US Yields UP, but Dollar DOWN ..... not only is it counter-intuitive, it's also a bit of a worry

Monday 24th September 2018

US Yields UP, but Dollar DOWN ..... not only is it counter-intuitive, it's also a bit of a worry

ref :- " Dollar Break With Yields Promps Concern U.S. Has Funding Issue " , Bloomberg Markets

We talk about yield spreads quite a lot .... well, doesn't everybody. Somewhat to our surprise (embarrassment ?) we note that we haven't specifically mentioned the US / Germany 10yr spread for quite a while. That's probably a bit remiss of us, bearing in mind that at over 260 basis points the gap between what you can earn on a 10yr US Treasury Note (say 3.07%) and a 10yr German Bund (0.46%) is at its widest since the late 1970s and 1980s. Back then US inflation was about 3% higher than (West) Germany's and you would certainly expect monetary policy to reflect that, but today the difference in inflation rates is comparatively minimal so the current yield premium for US securities is a pretty big deal.

Such a wide (and widening) interest rate differential in favour of US yields would at face value seem to be strongly supportive of the US currency, yet two weeks ago EUR / US$ closed at a touch above $1.15, and on Friday it finished at almost exactly $1.18. Plainly, fundamentally important though they are, interest rate differentials aren't everything ..... not current ones, at least. We must also pay attention to expectations of interest differentials, and the theory that the rest of world is about to embark on a journey of monetary policy normalisation that is already well advanced in the States is one that is being put forward as a reason for Dollar weakness.

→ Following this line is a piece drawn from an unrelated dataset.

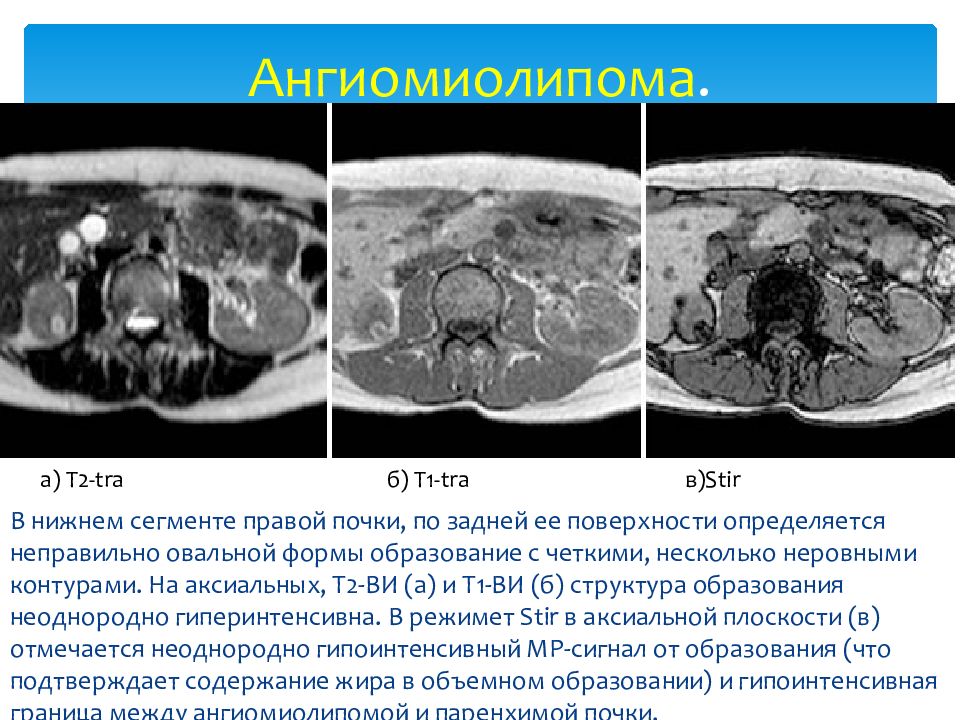 Ангиомиолипома левой почки что это. Ангиомиолипома почки кт. Ангиомиолипома на кт с контрастом.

Mmm .... we see the argument but that looks like more of a longer-term playbook. People have been saying the same thing for quite a while, but right now the strong growth, very tight labour markets and on-target inflation data in the US means that continuing monetary tightening looks both likely and appropriate for some time yet. In the Eurozone on the other hand, we can certainly hear some slightly less doveish noises from the ECB but their approach is nothing if not cautious.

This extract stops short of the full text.